Table 3.13: Estimated marginal means (Mg ha^-1) for six fuel classes and four overstory treatments before pct

class	treatment	estimate	SE	df	asymp.LCL	asymp.UCL
onehr	gs	2.6	0.5	Inf	1.63	3.6
onehr	ld	2.8	0.55	Inf	1.71	3.9
onehr	ha	1.4	0.25	Inf	0.89	1.9
onehr	hd	2.2	0.38	Inf	1.47	2.9
tenhr	gs	9	1.7	Inf	5.68	12.3
tenhr	ld	5.5	1.05	Inf	3.44	7.6
tenhr	ha	3.9	0.73	Inf	2.41	5.3
tenhr	hd	3.1	0.59	Inf	1.92	4.2
hundhr	gs	19.1	4.52	Inf	10.26	28
hundhr	ld	13.2	2.97	Inf	7.36	19
hundhr	ha	10.5	2.41	Inf	5.81	15.3
hundhr	hd	7.4	1.74	Inf	4.03	10.8
thoushr	gs	43.9	10.61	Inf	23.08	64.7
thoushr	ld	22.8	5.33	Inf	12.31	33.2
thoushr	ha	23.2	6.21	Inf	11.04	35.4
thoushr	hd	60.5	16.55	Inf	28.05	92.9
veg	gs	2.7	0.87	Inf	0.96	4.4
veg	ld	1.9	0.61	Inf	0.7	3.1
veg	ha	3.2	1.12	Inf	1.06	5.4
veg	hd	2.2	0.71	Inf	0.78	3.6
veg_diff	gs	29.6	7.99	Inf	13.95	45.3
veg_diff	ld	17.2	4.22	Inf	8.89	25.4
veg_diff	ha	10.6	2.98	Inf	4.74	16.4
veg_diff	hd	11.8	3.02	Inf	5.91	17.7

Table 3.14: Grand means (Mg ha^-1) for six fuel classes after pct.

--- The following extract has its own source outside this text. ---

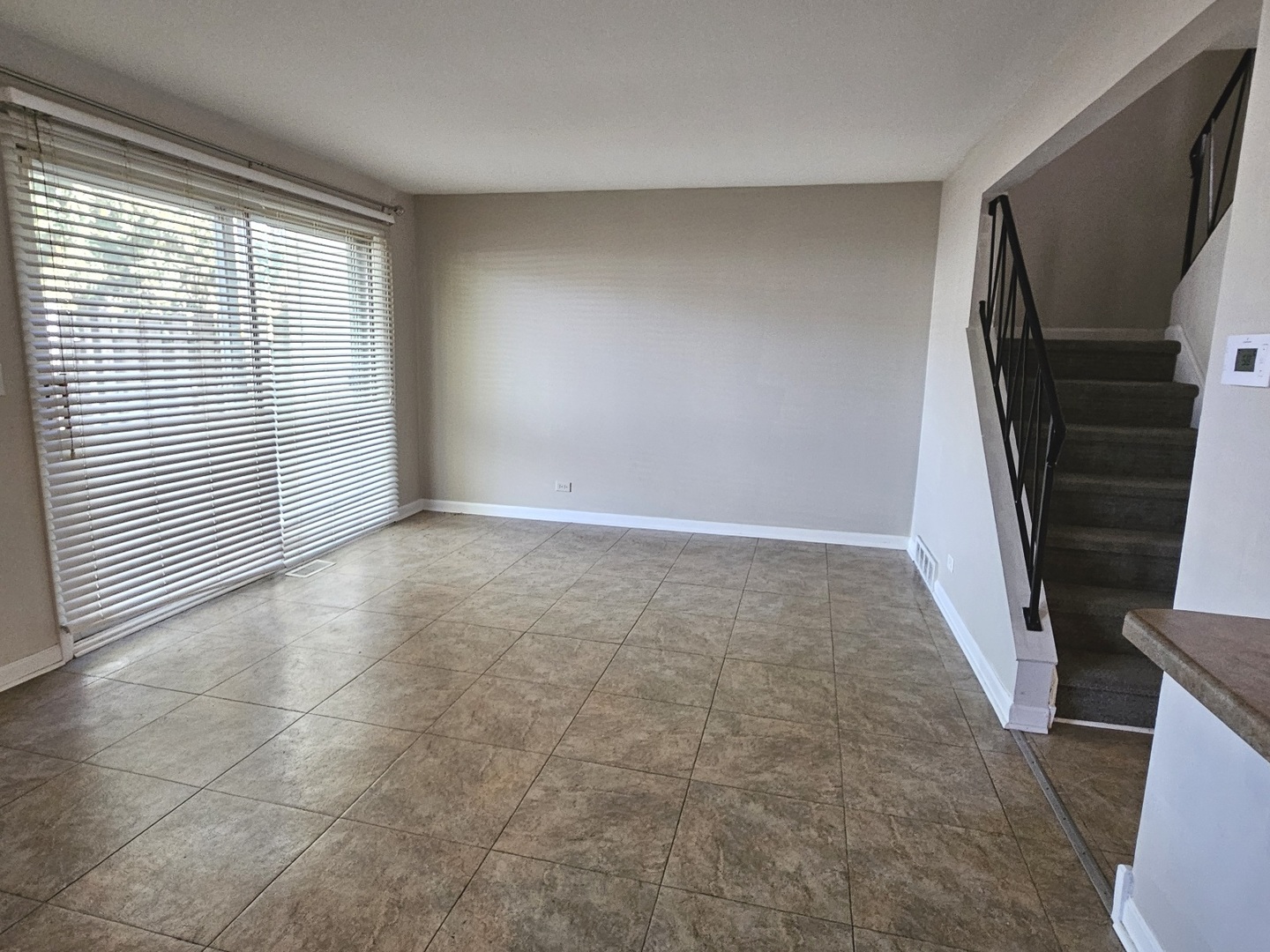 228 Monroe Road Bolingbrook, IL 60440 - Photo 2 of 14 a view of an empty room with a window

class	1	estimate	SE	df	asymp.LCL	asymp.UCL
onehr	overall	2.3	0.36	Inf	1.5	3
tenhr	overall	5.4	0.84	Inf	3.7	7
hundhr	overall	12.6	2.2	Inf	8.3	16.9
thoushr	overall	37.6	5.61	Inf	26.6	48.6
veg	overall	2.5	0.65	Inf	1.2	3.8
veg_diff	overall	17.3	3.33	Inf	10.8	23.8

3.3.3 Pre-post commercial thinning comparison

Pre-commercial thinning led to a small increase in average 100-hr fuel loading, only for the GS treatment, increased 10-hr fuels in the GS and LD treatments, and increased 1-hr fuels for all but the HA treatment (Figure 3.9), although these results are not statistically comparable, due to slightly different model structures.

Figure 3.9: Estimated marginal means (black dots) and confidence intervals (colored bars) of fuel loading across four treatments and five different fuel classes, before and after PCT. Pre- and Post PCT models within a treatment are from similar, but not necessarily identical models.